Work instruction - Please copy exactly the lines that begin with the one containing "Trivers Resort Муннар Екстер'єр фото" and end with the last line of the entries.

*** Available data Section Begins ***

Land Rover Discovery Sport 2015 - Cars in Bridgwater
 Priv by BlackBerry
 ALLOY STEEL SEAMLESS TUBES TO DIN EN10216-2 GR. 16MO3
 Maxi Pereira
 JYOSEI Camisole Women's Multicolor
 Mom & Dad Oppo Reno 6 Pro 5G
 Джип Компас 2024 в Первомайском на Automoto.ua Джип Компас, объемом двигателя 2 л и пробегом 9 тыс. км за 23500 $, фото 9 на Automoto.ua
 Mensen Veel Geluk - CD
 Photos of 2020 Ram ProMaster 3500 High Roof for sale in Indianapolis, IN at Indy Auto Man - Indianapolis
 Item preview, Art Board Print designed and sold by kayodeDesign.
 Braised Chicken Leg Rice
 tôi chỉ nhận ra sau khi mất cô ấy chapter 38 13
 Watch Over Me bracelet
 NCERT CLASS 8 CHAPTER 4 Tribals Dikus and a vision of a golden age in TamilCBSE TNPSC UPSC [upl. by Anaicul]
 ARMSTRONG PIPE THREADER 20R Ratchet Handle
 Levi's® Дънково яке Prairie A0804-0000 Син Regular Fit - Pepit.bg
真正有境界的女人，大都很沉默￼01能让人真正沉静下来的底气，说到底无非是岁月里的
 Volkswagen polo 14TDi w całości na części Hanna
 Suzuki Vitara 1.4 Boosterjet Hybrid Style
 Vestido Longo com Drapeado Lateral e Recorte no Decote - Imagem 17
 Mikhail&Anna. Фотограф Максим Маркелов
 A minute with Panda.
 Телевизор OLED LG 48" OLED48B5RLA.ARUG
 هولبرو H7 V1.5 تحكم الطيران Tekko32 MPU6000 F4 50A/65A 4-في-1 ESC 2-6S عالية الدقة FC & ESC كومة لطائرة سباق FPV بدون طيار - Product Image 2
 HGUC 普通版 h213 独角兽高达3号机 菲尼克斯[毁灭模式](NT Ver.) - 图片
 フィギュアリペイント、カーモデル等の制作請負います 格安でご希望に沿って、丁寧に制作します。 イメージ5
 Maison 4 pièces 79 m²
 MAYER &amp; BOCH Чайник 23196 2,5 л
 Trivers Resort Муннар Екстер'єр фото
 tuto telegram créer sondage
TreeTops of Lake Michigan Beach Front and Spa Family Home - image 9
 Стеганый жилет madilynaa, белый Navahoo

*** Available data Section Ends ***

Solution -
 Trivers Resort Муннар Екстер'єр фото
 tuto telegram créer sondage
TreeTops of Lake Michigan Beach Front and Spa Family Home - image 9
 Стеганый жилет madilynaa, белый Navahoo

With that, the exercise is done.